As the Federal Reserve has embarked on QE Infinity, which has increased bank reserves by over $1.1 trillion—equal to 67 percent—the fear of inflation arises. Some argue that there was no notable inflation from 2009 to 2019, even though the Fed increased bank reserves by $3.2 trillion (379 percent) via QE 1-3. Over the last decade, the Consumer Price Index rose by just 1.8 percent per annum. However, this does not mean that there was no inflation, which is defined as the average price increase of all—not just consumer—prices in the economy.
While consumer prices increased only modestly, asset prices showed notable inflation. Thus, unlike in the 1970s, when asset values languished and consumer prices soared in response to monetary expansion, the most recent decade was marked by asset price inflation and muted consumer price inflation.
Who benefits and who doesn’t?
The dynamics of asset price inflation in a world of low consumer price inflation merit understanding. The rise in asset prices benefits those who already own assets but bestows no benefit on those who do not. Those who do not already own assets fall into three nonmutually exclusive categories: the young, the lower-skilled and the big spenders. Meanwhile, those who already own assets are generally comprised of the negative of these categories: the older, the higher-skilled and the savers.

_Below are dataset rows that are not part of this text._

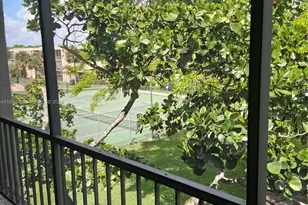 8401 SW 107th Ave, Miami, FL 33173 - Photo 9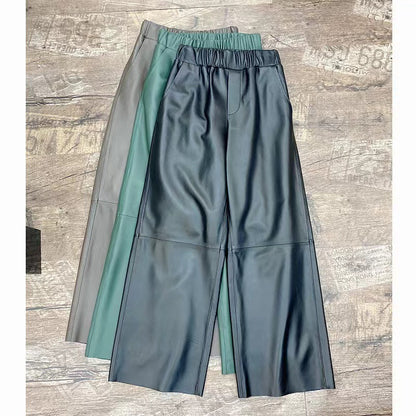 Women’s Leather Waisted Bermuda Trousers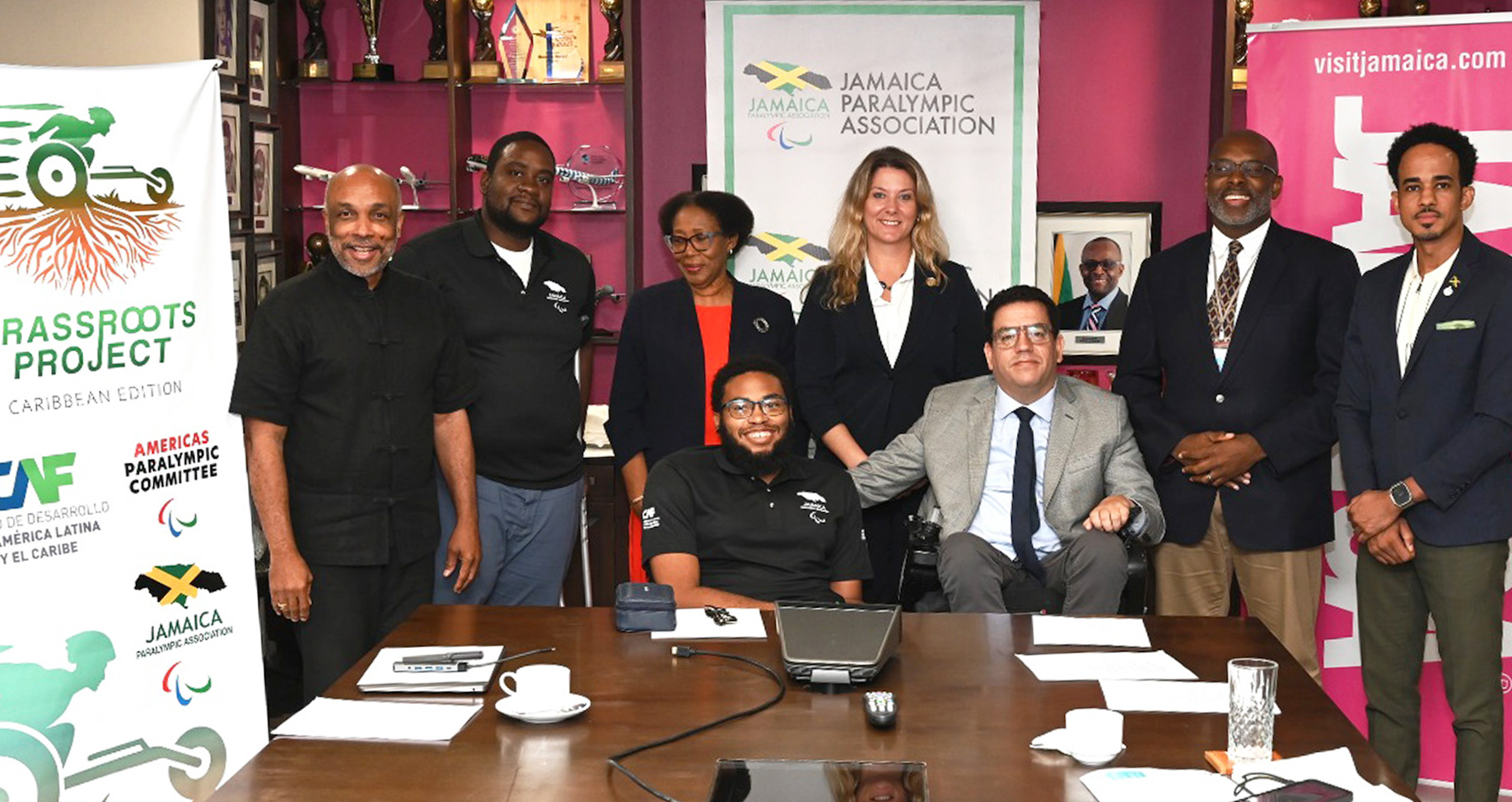 En la foto: Christopher Samuda, Presidente del Comité Paralímpico de Jamaica y miembro del Consejo de Gobierno del AmPC; Michele Formonte, Directora Ejecutiva AmPC; Juan Pablo Salazar, Director de Inclusión de CAF, Iñaki Regueiro, Nicolas Monge, ambos Ejecutivos de CAF; Suzzette Irvin-Ison, Directora Principal de Políticas de Deporte, Florette Blackwood, Estratega Senior en Género y Deporte, ambas de MCGES; Eric Falt, Director Regional UNESCO y Paula Isturiz, Especialista de Programas en Ciencias Sociales y Humanas también de UNESCO.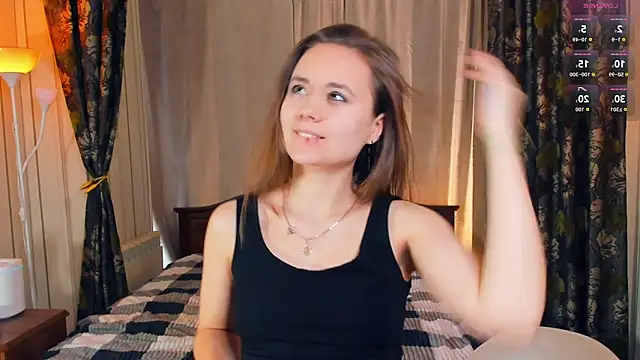 Snapshot of Crysta1Eva_ chatting on 10/17/25, 07:44 Crysta1Eva online show from 10/17/25, 07:44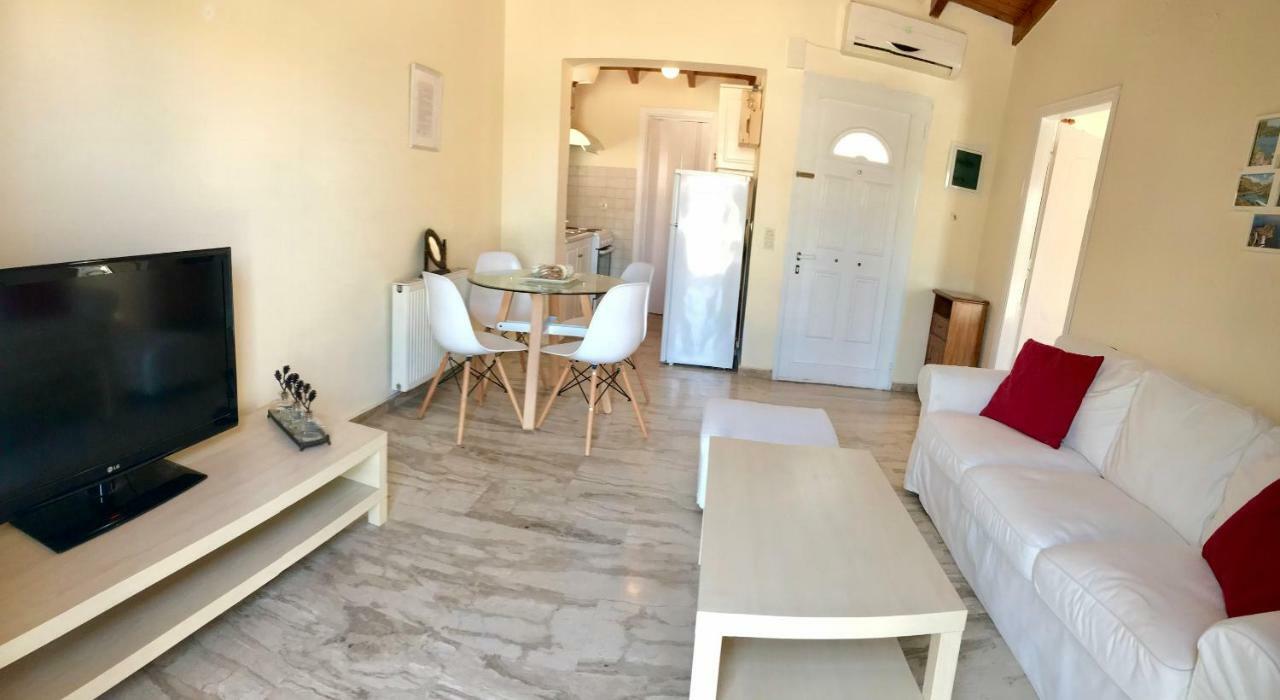 Wooden Ceiling Apartment - Close To City Center Kanali  Екстер'єр фото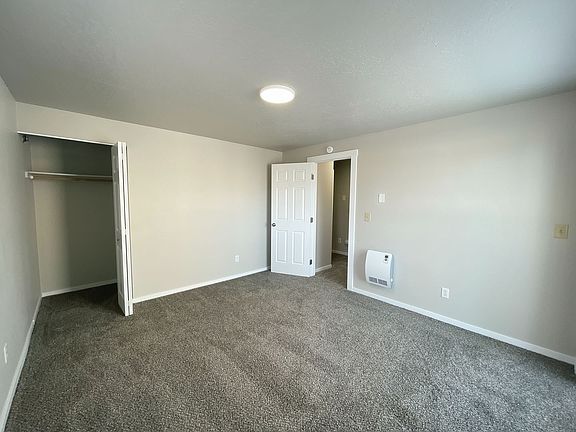 3rd image of 1504 Sunset Ave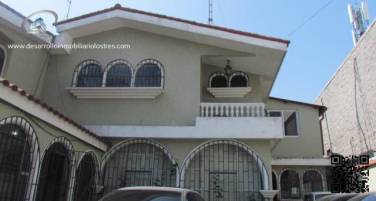 AMPLIA CASA EN RENTA  EN AVENIDA HINCAPIE - Image 1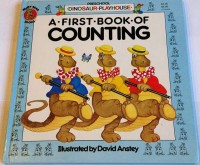 Dinosaur Playhouse: A First Book of Counting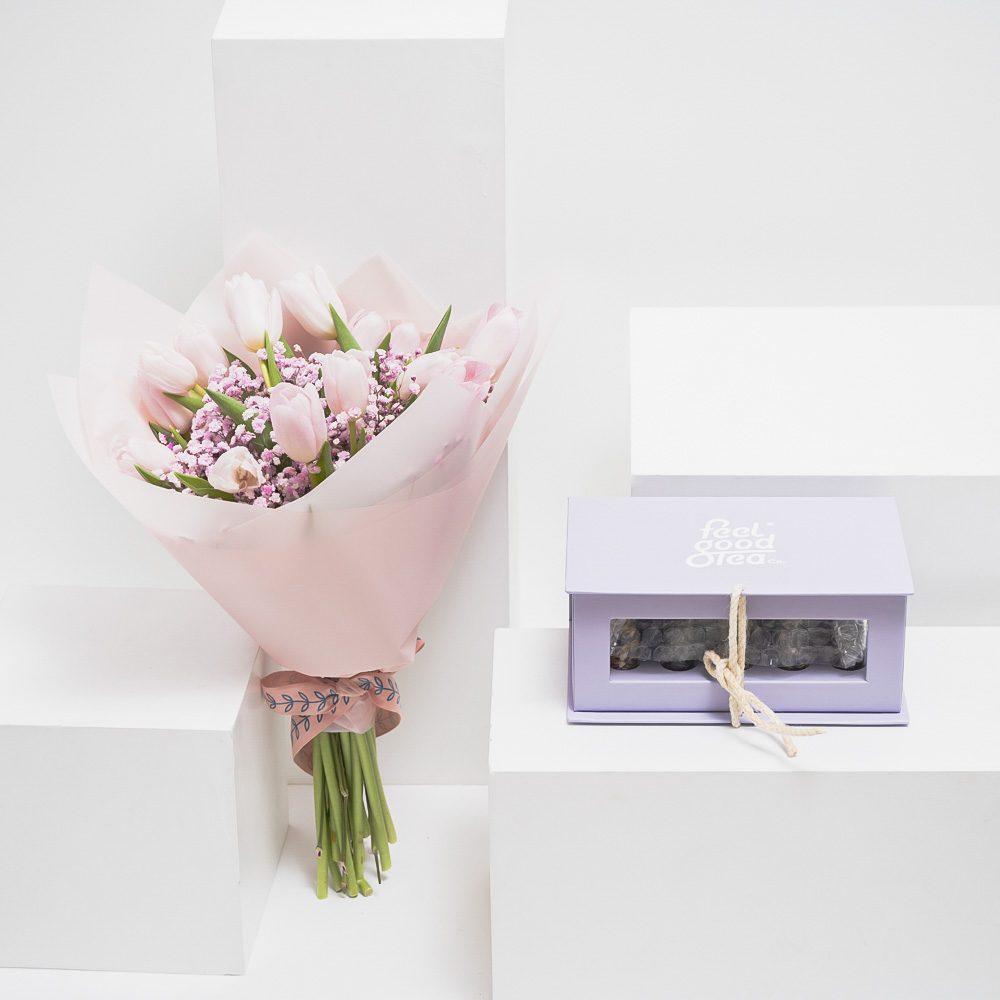 صندوق الاكتشاف البنفسجي من فيل جود تي | باقة الزهور الوردية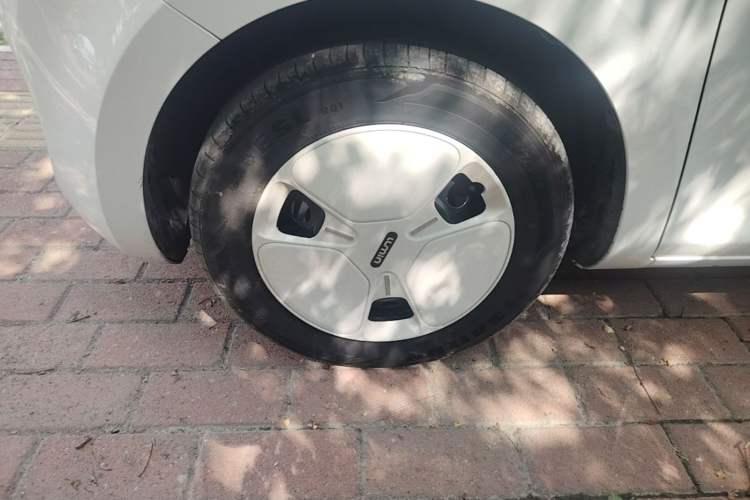 Used CHANGAN NEVO Lumin 2025 205km Refreshing Edition Exterior 4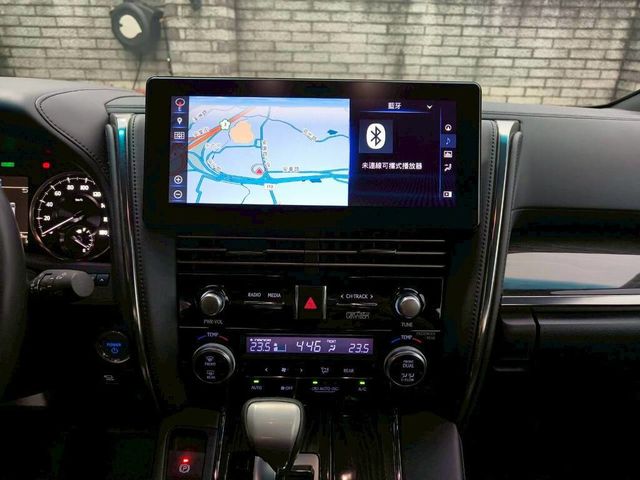 LEXUS凌志 LM300H  第10張相片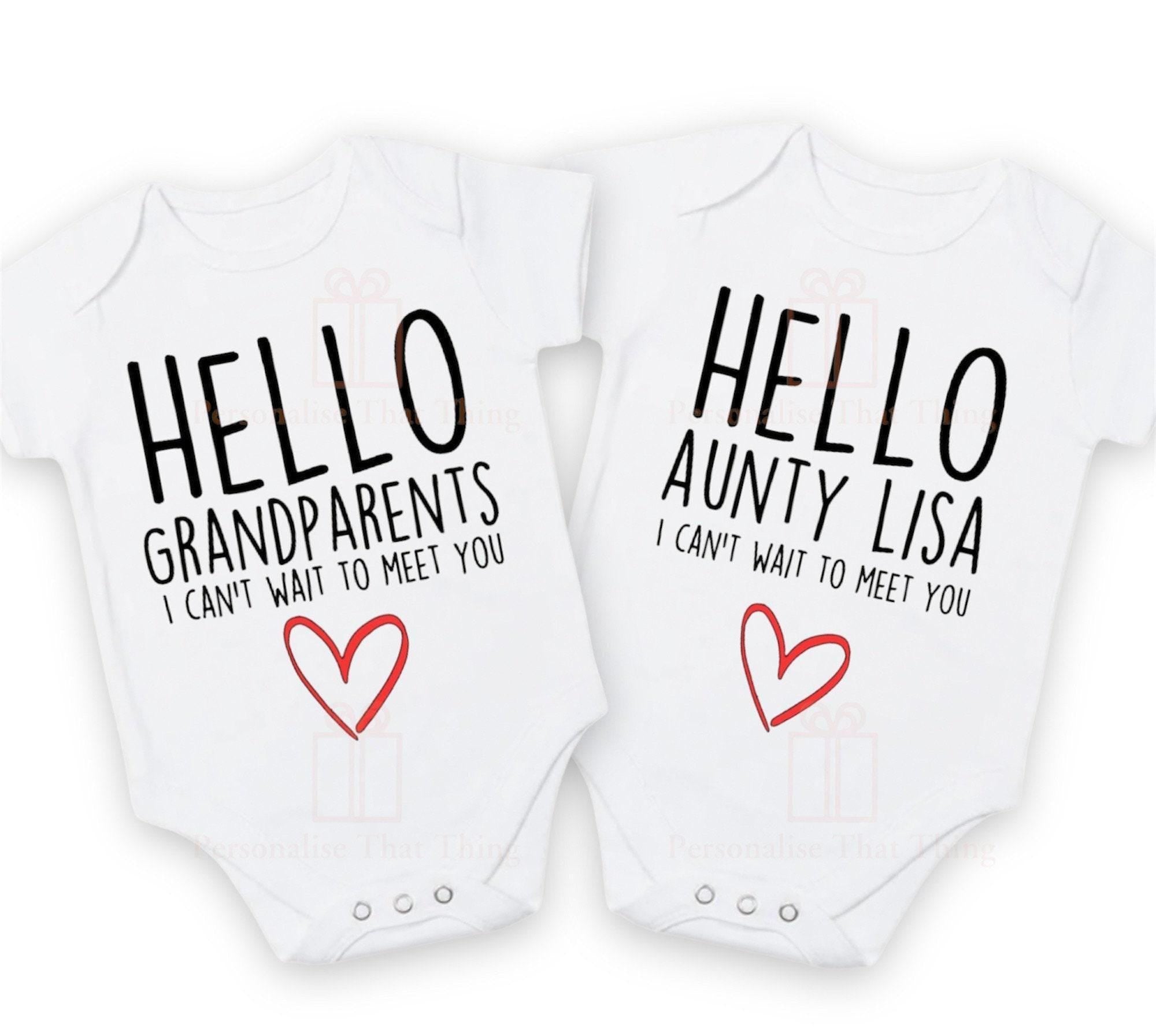 Hello custom name I can’t wait to meet you pregnancy announcement baby bodysuit outfit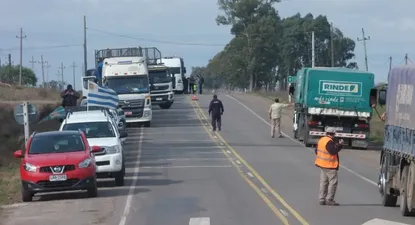 El Observador | La cola de vehículos se extendió por varios kilómetros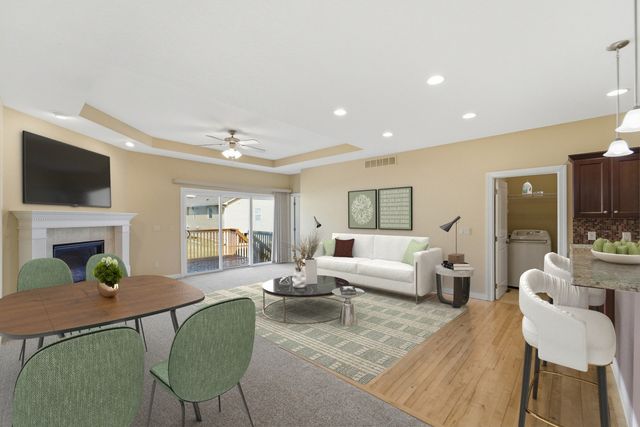 13007 Alpine Drive, Urbandale, IA 50323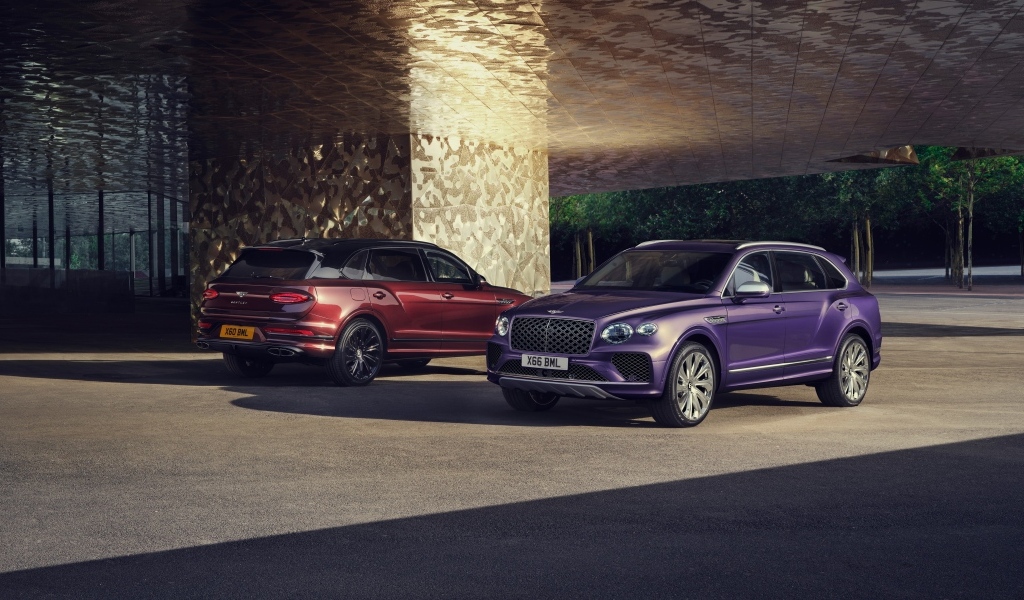 Два стильных автомобиля Bentley Bentayga EWB Mulliner 2024 года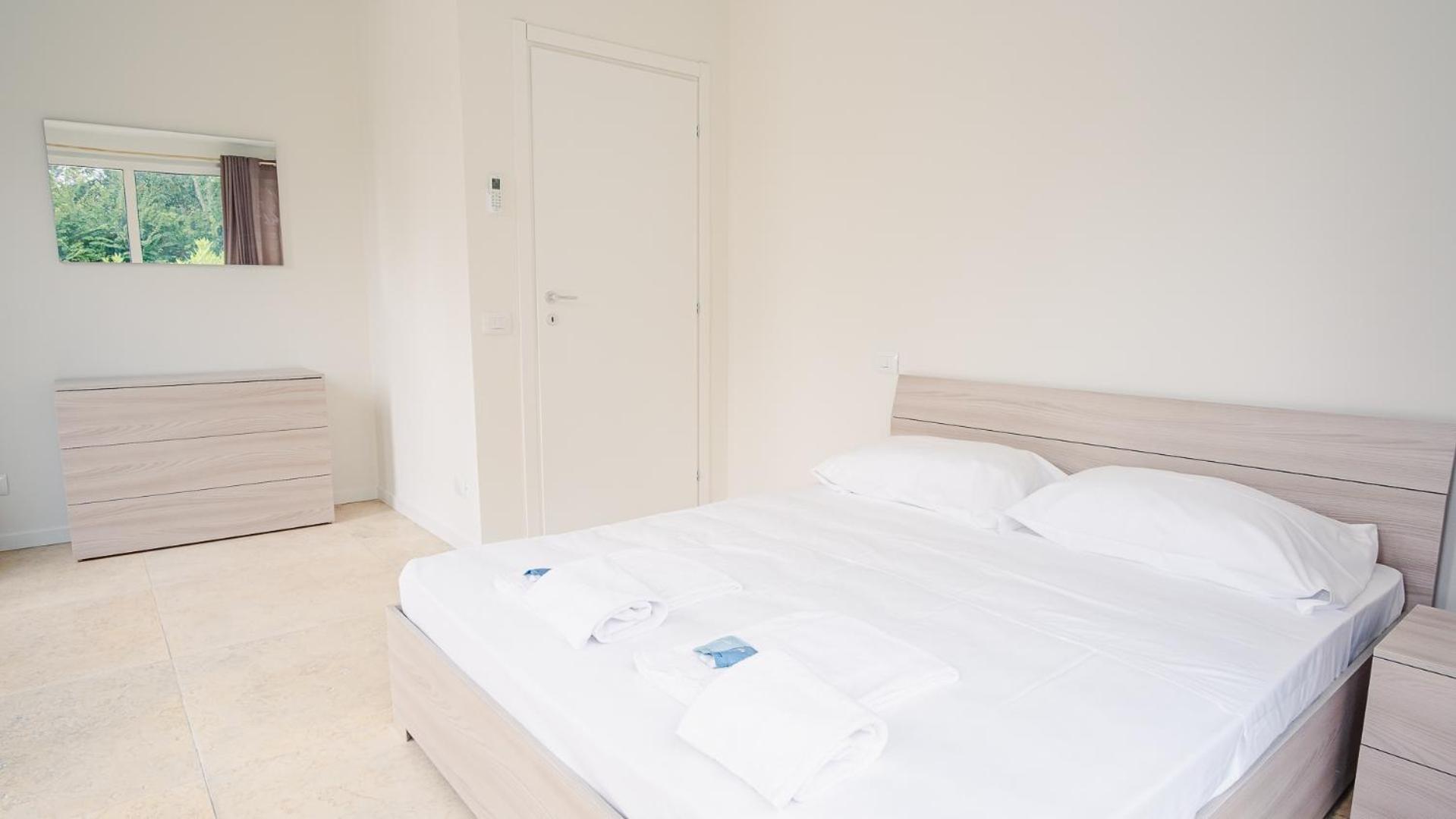 Relais Du Lac Village - Italian Homing Desenzano del Garda Eksteriør billede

A world of asset price inflation with little consumer price inflation does not rob nonasset owners of day-to-day purchasing power but does severely challenge their ability to acquire assets (e.g., single-family homes). Meanwhile, the day-to-day purchasing power of asset owners is unchanged, while their ability to accumulate wealth increases. It also allows owners to selectively liquidate assets to invest in human capital, and particularly their health and the education of their children. This led to substantial price inflation from 2009 to 2019 for these two components of consumer outlays and squeezed many nonasset owners who could no longer afford these items. In short, asset inflation with no notable consumer price inflation widens the wealth gap and effective income inequality.
Food for thought
This will happen again over the coming decade, as the modern banking system—unlike that of the 1970s—is designed to channel money to large capital users rather than consumers. The system is positioned to lend hundreds of millions of dollars for asset-backed loans to investors for buyouts rather than thousands of dollars for small-business and consumer loans. The prices that rise in the face of monetary expansion are those favored by those receiving the money.
To grasp this simple fact, consider which prices would rise if 100 percent of the QE Infinity injections were given to teens. Streaming services, video games, smartphones, makeup, etc., would see skyrocketing prices as teens poured this newfound money into their preferred items. Meanwhile, the prices of gold, homes, books and senior housing would see little change. In short, inflation over the next decade will be concentrated in investable assets, as that is where banks will disproportionately direct their capital. This means that we expect further cap rate compression over the coming decade.